前回書き記した「60年ぶりの農協大改革」に続いて、今回は「TPP(環太平洋パートナーシップ協定)」を題材に「攻める農業」への変革の舞台裏を明かそう。(第99代内閣総理大臣/衆議院議員 菅 義偉)
>>前回記事『菅義偉が振り返る60年ぶり農協大改革…「農家より農協の利益優先」の呆れた実態あらわに』から読む
「攻める農業」への転換に向け
中核的な政策がTPPへの参加だった
「攻める農業」への転換は、日本の農業が世界に目を向けることで大きな成長を遂げる可能性を見据えたものであった。TPP交渉への参加はその中核を成す取り組みでもあった。
2013年、安倍晋三総理(当時、以降の肩書も同様)が第2次安倍政権として初訪米した際、バラク・オバマ米大統領からTPP参加を強く要請された。まさに「渡りに船」であった。私自身、TPPこそ、アベノミクスの三本の矢の一つである「成長戦略」の中でも、最も遠くまで届く滞空時間の長い「矢」となり得ると考えていたからである。
資源のない日本が持続的に成長していくためには、諸外国との交易や資本取引が不可欠である。TPPはその基本ルールを決めるものであり、交渉の初期段階からの参加が極めて重要であった。また、品質と安全性において世界で高い評価を得ている日本の農業は、公平な条件の下であれば世界各国との競争でも決して負けることはないと私は確信してもいた。そしてTPPが実現すれば、日本にとっては国内総生産(GDP)の2.6%、約14兆円の経済拡大効果が見込まれるとの試算も出ていたのである。
安倍総理から参加方針の取りまとめを指示された私は早速、岸田文雄外務大臣、茂木敏充経済産業大臣、林芳正農林水産大臣と議論を開始した。赤坂議員宿舎の会議室に夜にひそかに集まって議論を重ね、基本方針の骨格を固めていった。
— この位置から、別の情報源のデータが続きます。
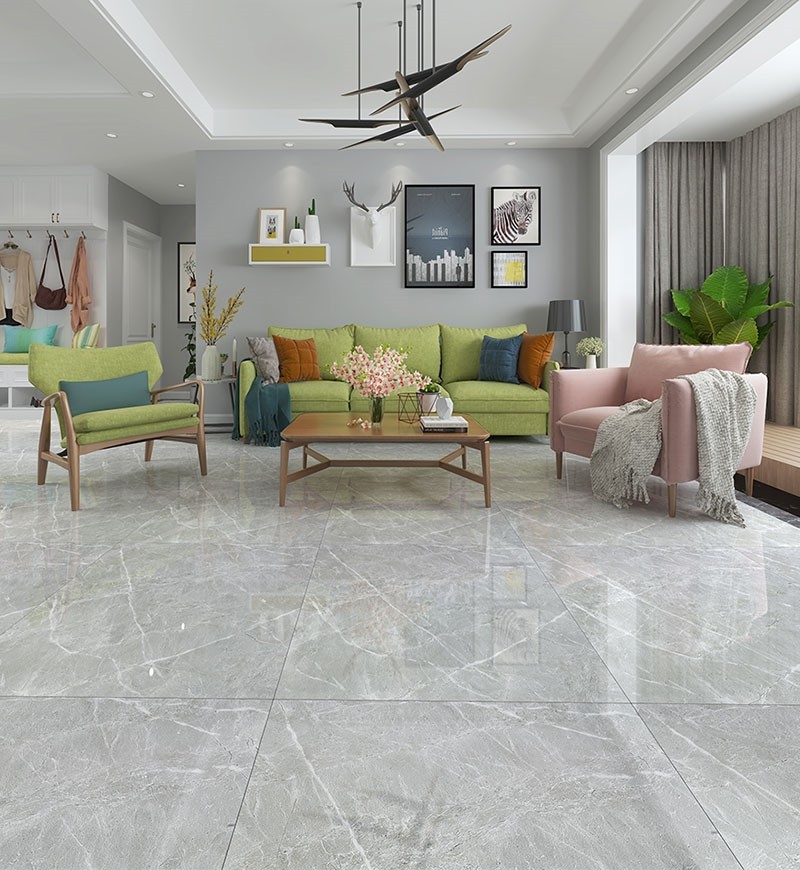 金剛拋晶大理石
骨子が固まったとの報告を受けた安倍総理は、13年3月にTPP交渉への参加を表明した。翌4月にはTPP政府対策本部が設置され、甘利明経済再生担当大臣がTPP交渉の担当大臣を兼任することとなった。
だが、TPP交渉参加については、党内に慎重論もあった。特に農村部を票田に抱える地方の議員からは、国際競争がもたらす日本の農業への打撃が選挙に不利に働く可能性を懸念する声が強かった。